Question :
I am completely new to database modelling (except for some academic knowledge from a long time ago) but for my new project I want to build a database for the following application.
I am collecting different income figures from different companies from different product categories. I calculate the aggregate of these figures and calculate some metrics such as averages and growth of the figures over the years/over product categories and over the sectors of these companies. I wanted to build a database to accomplish this and already made the following draft. It is based on a simple star model but I would like to get your input on what can be better.
Answer :
I would like to get your input on what can be better.
There is no way to judge the design of a Dimensional Data Model without an understanding of the business context and the kinds of questions it’s intended to answer.
So make a list of the questions you would like to answer from the data model, providing a specific example for each type of question.
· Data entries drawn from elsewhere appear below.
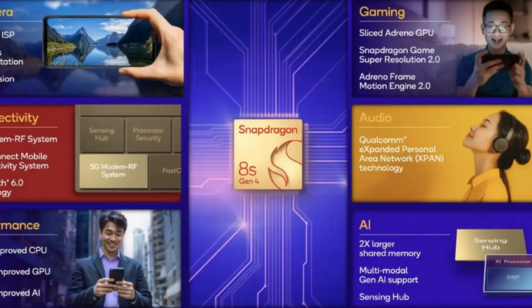No Qualcomm chip would be complete without some connectivity goodies. We've got Wi-Fi 7 and Bluetooth 6, which is perfect for all you tech enthusiasts out there.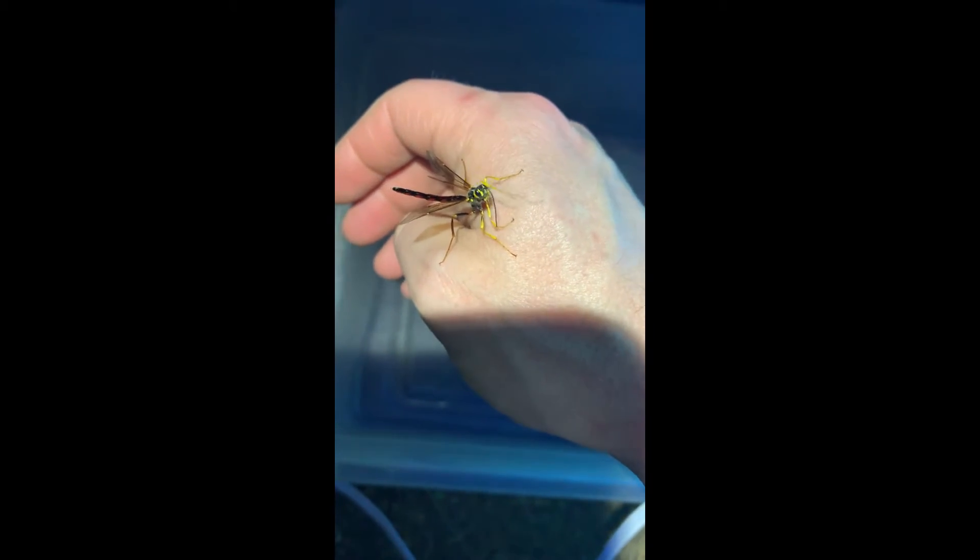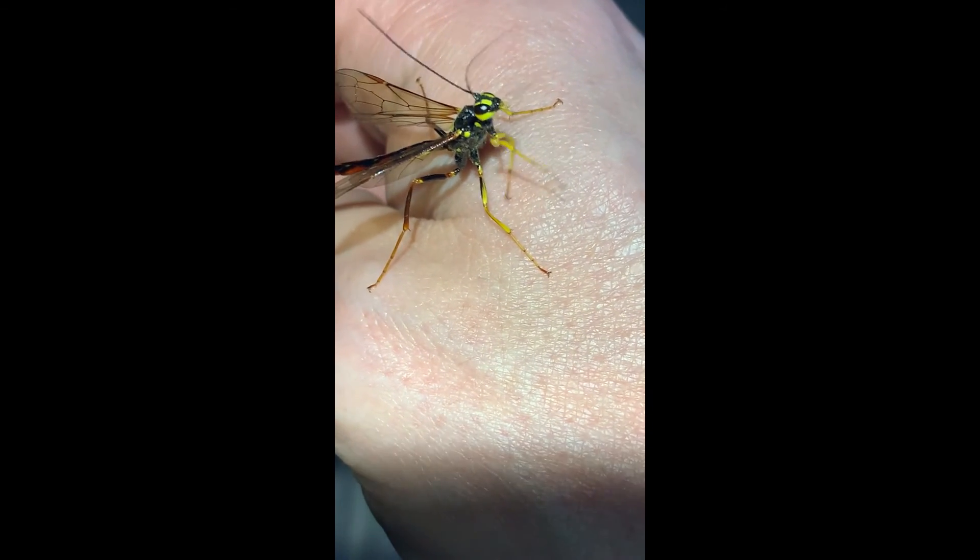The male of last night's species. He lacks the ovipositor, and I believe the species is Megarhyssa nortoni — I looked it up earlier. Beautiful orange markings on the abdomen.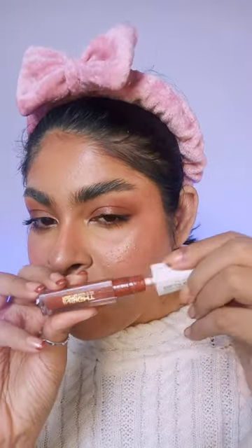Mascara. Lip liner. Okay, my favorite gloss from that time. That's gorgeous.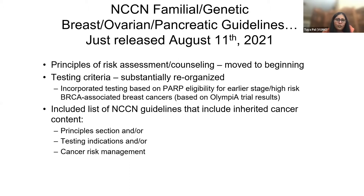We also substantially reorganized the testing criteria. Within the testing criteria, we have a general section, and then we went into disease-specific sections. In the breast cancer section, we incorporated testing based on PARP eligibility for earlier stage high-risk BRCA-associated breast cancer, based on the Olympia trial results that had just been released during the last annual ASCO meeting.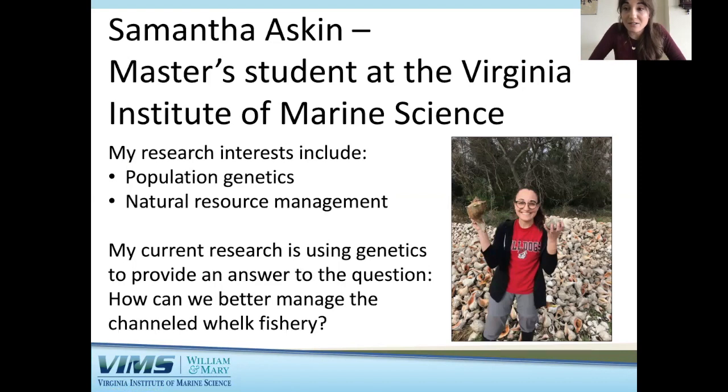That's a brief summary of the different groups of mollusks. Now I'm going to talk a little bit about my research, which is on a gastropod. I am a master's student at the Virginia Institute of Marine Science and my research interests include population genetics and natural resource management. My current research uses population genetics as a tool to better manage a fishery — specifically, the channeled whelk fishery. Channeled whelk are marine gastropods that are fished for consumption, and my project aims to figure out how many populations of channeled whelk we have in order to better manage those resources.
Translate each question to a SQL query against your model.
The design is good to the extent the SQL queries are simple for a human to write and understand, and for an RDBMS to execute.
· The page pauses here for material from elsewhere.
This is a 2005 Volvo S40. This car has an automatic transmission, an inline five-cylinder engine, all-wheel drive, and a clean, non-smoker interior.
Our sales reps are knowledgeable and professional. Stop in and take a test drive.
Well, this does not exactly look like a simple star schema to me. Anyway, maybe first decide if you are designing an analytical (OLAP) or a transactional (OLTP) system. If you are building an analytical/reporting DB, then decide what (where, and how) is going to provide data integrity.
In the diagram, it is possible to insert a row in statements for a company, about a product from a sector that that company does not operate in. Not good for a transactional DB. Ok for an OLAP system, where the integrity is taken care of by a separate ETL process, and a transactional system the data is coming from.
For a star schema I would suggest a fact statements with four dimensions (company, product, sector, time) around it — all FKs are from the fact to dimensions.
For an OLTP type DB (based on the diagram) something like:
-- Industry sector SEC exists.
--
sector {SEC}
PK {SEC}
-- Product type PTY is made by companies
-- in industry sector SEC.
--
product_type {PTY, SEC}
PK {PTY}
SK {PTY, SEC}
FK {SEC} REFERENCES sector {SEC}
-- Company CMP operates in industry sector SEC.
--
company {CMP, SEC}
PK {CMP}
SK {CMP, SEC}
FK {SEC} REFERENCES sector {SEC}
-- Time period TIM exists.
--
time_dim {TIM}
PK {TIM}
-- Company CMP, from industry sector SEC,
-- issued a statement about product type
-- PTY (from that sector), for period TIM.
--
statement {CMP, SEC, PTY, TIM}
PK {CMP, PTY, TIM}
FK1 {CMP, SEC} REFERENCES company {CMP, SEC}
FK2 {PTY, SEC} REFERENCES product_type {PTY, SEC}
FK3 {TIM} REFERENCES time_dim {TIM}
Note:
All attributes (columns) NOT NULL
PK = Primary Key
SK = Proper Superkey (Unique)
FK = Foreign Key
BTW, ERDs are great only if you already grok how to automatically verbalize diagrams. If not yet, then use plain text editor, it is better and more powerful than an ERD.